During 2008, the existing inspection and test procedures remain in effect. A Local Law 10/81 inspection is due to be filed for all elevators before September 30, 2008, and any two- or five-year tests due this year must be still be performed

Beginning January 1, 2009 however, the old system of annual Local Law 10/81 inspections and two-year tests will end. They are being replaced with a combined annual inspection and test for all elevators and escalators which must be performed (now known as a periodic inspection and Category One test) every year.

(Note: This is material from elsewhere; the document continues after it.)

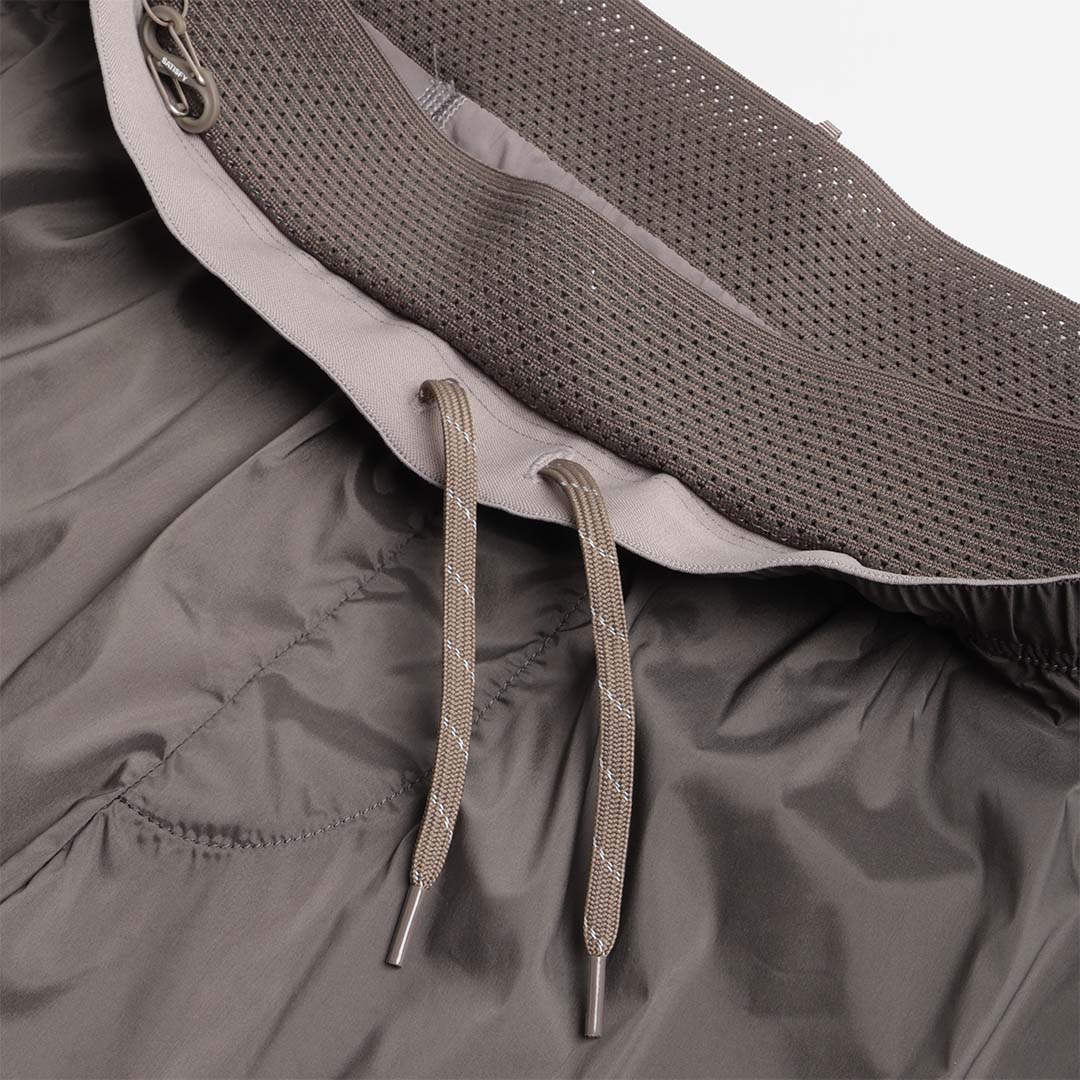 main Satisfy TechSilk 5" Shorts, Raven, Detail Shot 3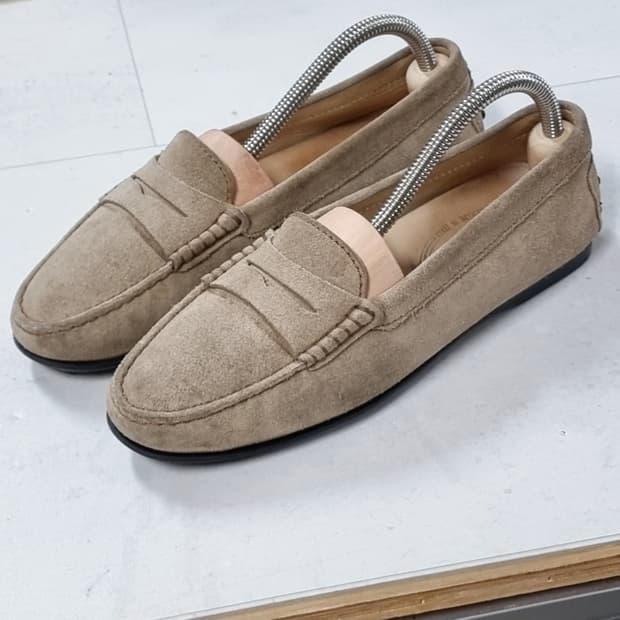 토즈 Tod's 스웨이드 로퍼 드라이빙 슈즈 구두 슈즈 (230/36)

This inspection/test will now have to be performed by one company, and witnessed by another. The typical way this will work is that the building’s usual maintenance contractor will perform the test, with a third-party private inspection agency hired by the owner to witness the test. The witnessing company cannot be affiliated with the maintenance contractor performing the test. When a five-year test is due on a roped elevator, a combined periodic inspection and Category Five test must be performed and witnessed by a third party. The Category Five test and periodic inspection in specific years when due, must be performed prior to the expiration date of the previously performed test. However, the Category One test and periodic inspection for all other years can be performed at any time during the calendar year.

Increased Costs for 2009

Customarily, elevator maintenance contracts cover two-year tests and five-year tests (which would be three total tests during each five-year period). This means that within a five-year period, there will now be two additional annual tests for roped elevators and three additional annual tests for hydraulic elevators to be performed by the maintenance contractor. Building owners/managers should expect the maintenance contractor to charge between $700 and $1,000 dollars per additional elevator annual test and twice that amount ($1,400 to $2,000 dollars) per elevator for the five-year test. The five-year test takes twice as long as the annual test as it requires a weight test procedure. Weights equal to the total weight capacity for which the elevator is rated must be placed in the cab, and the elevator must run at full speed to each floor.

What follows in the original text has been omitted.